Paulie wasn't unduly surprised by this new-found ability on the part of pirate ads not merely to gatecrash and annoy, but to actively puppet a Mindseye wearer. And not just a single ad but a pair of rival, competing morphomercials. No let-up in the ad war, not even at the end of the world. Zombimercials, he thought. That's what they'll be calling them. Only not in this realitude, they won't. For this world is about to de-exist.

“Paulie! "

Ruth was looking at him over Frances's shoulder. Such an odd, unnerving look. Unnerving for its total lack of bewilderment; this was absolutely not Ruth as he knew her. This knowing, burdened, haunted, sad-eyed transRuth.

“What is it? ” Paulie asked her, suddenly very frightened.

Sesha Roffey was staring. And so were Xabier and Felipe. Even little Kali was staring at him. Because, Paulie Rayle discovered to his horror, something was befalling him. As with the big Bengt & Anderssen Viking, he was leaving the scene, albeit in an even weirder way. He wasn't fading, losing resolution—instead, the entire front half of his body had been shaved from sight. Like Humberto Sfat's entropic tomcat, he was hollow, an empty shell: Paulie Rayle on the outside; on the inside, smooth neutral grey. A jelly mould in the shape of Paulie Rayle. Additionally—and this was the truly bizarre aspect—when he felt for his face, it wasn't there, yet he could still see his hollow hand reaching into his hollow skull. He was still able to see and hear and think. How could that be?

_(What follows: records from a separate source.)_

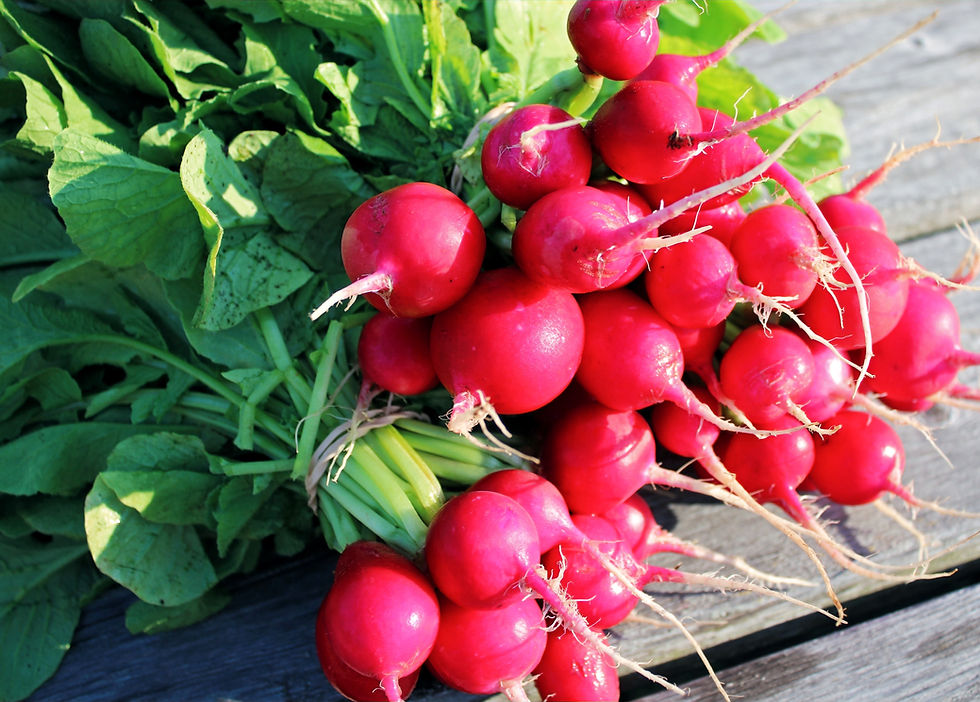 Thumbnail: Radishes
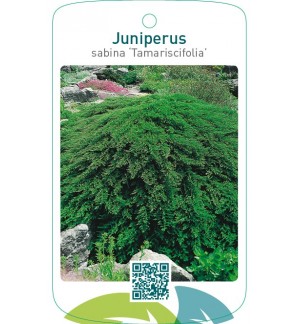 Juniperus sabina ‘Tamariscifolia’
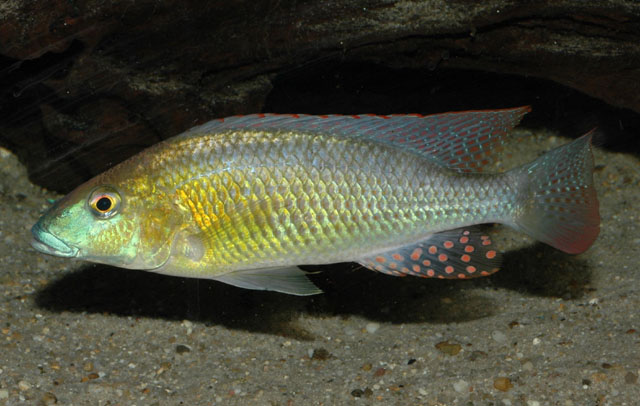 (Thoracochromis buysi)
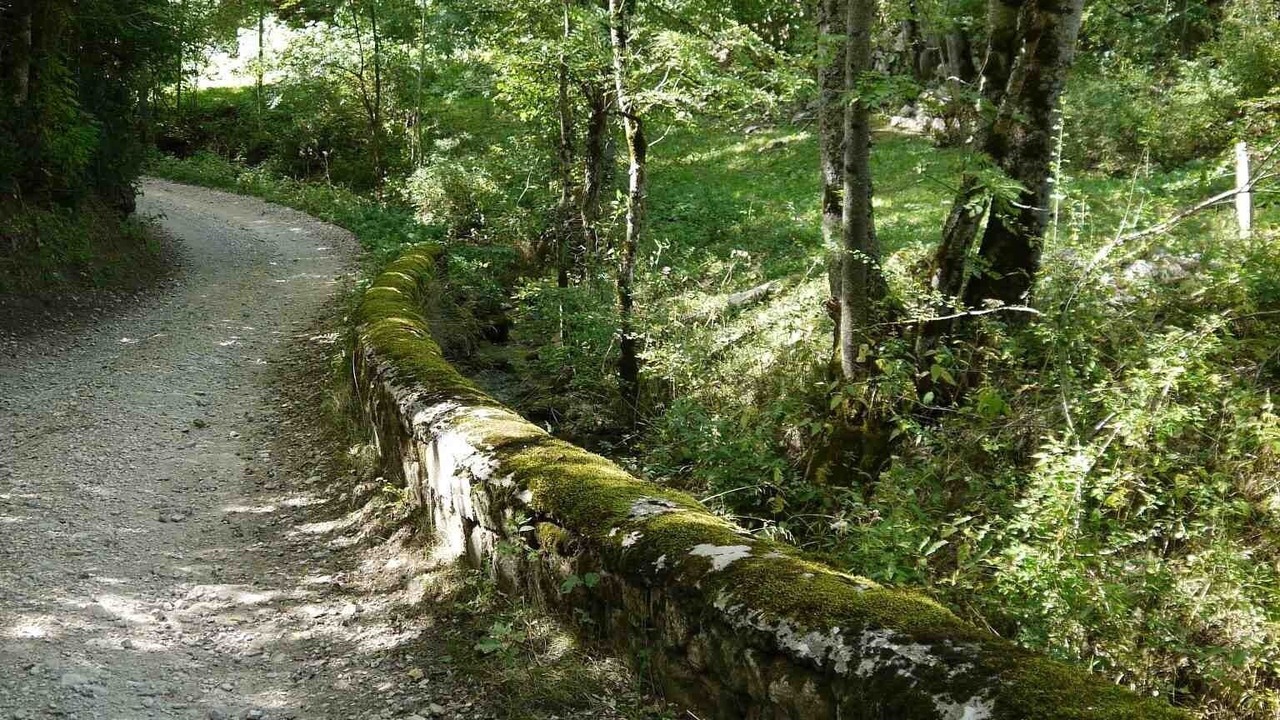 Photo of Outdoor in Lus-la-Croix-Haute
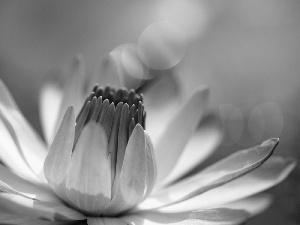 Lily, water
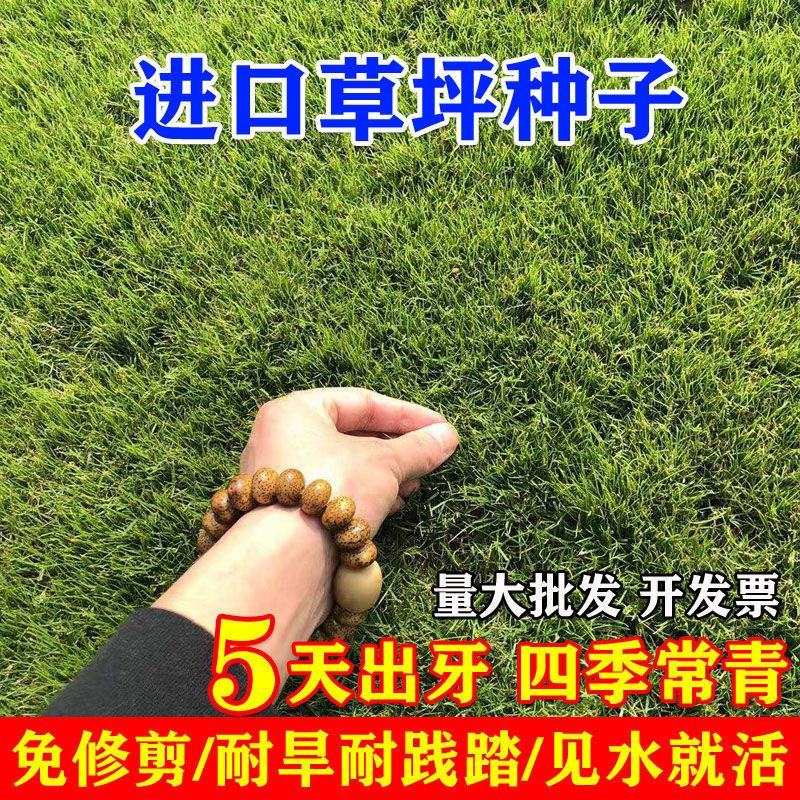 草坪种子多年生四季青马尼拉百慕大地毯草可以四季种子包发芽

“Make him real, ” said Ruth to Frances. “You're the Goddess... make him real! "

Frances hesitated, seemingly at a loss.

Strange, Paulie mused. How peculiar for an angel, indeed, a veritable Goddess, to be stumped, unable to assist.

He found that musing now required considerable effort. Not that his current straits were causing him any physical pain. Psychologically, though, the experience was deeply unpleasant.

“MAKE HIM REAL! "

Ruth's screamed plea startled little Kali, set their tiny daughter shrieking with fear.

Stepping forward, Frances turned and fitted herself into the hollow half-shell that represented Paulie Rayle.

* * * *

Ruth Deitch awoke.

Her body tingled from the caressing cocoon of the bliss belly. Bathed in sweat, heart galloping, she lay there, the tiny Fetch light on her Dreambox barely discernible in the welcome winter sunshine streaming in through the cottage window.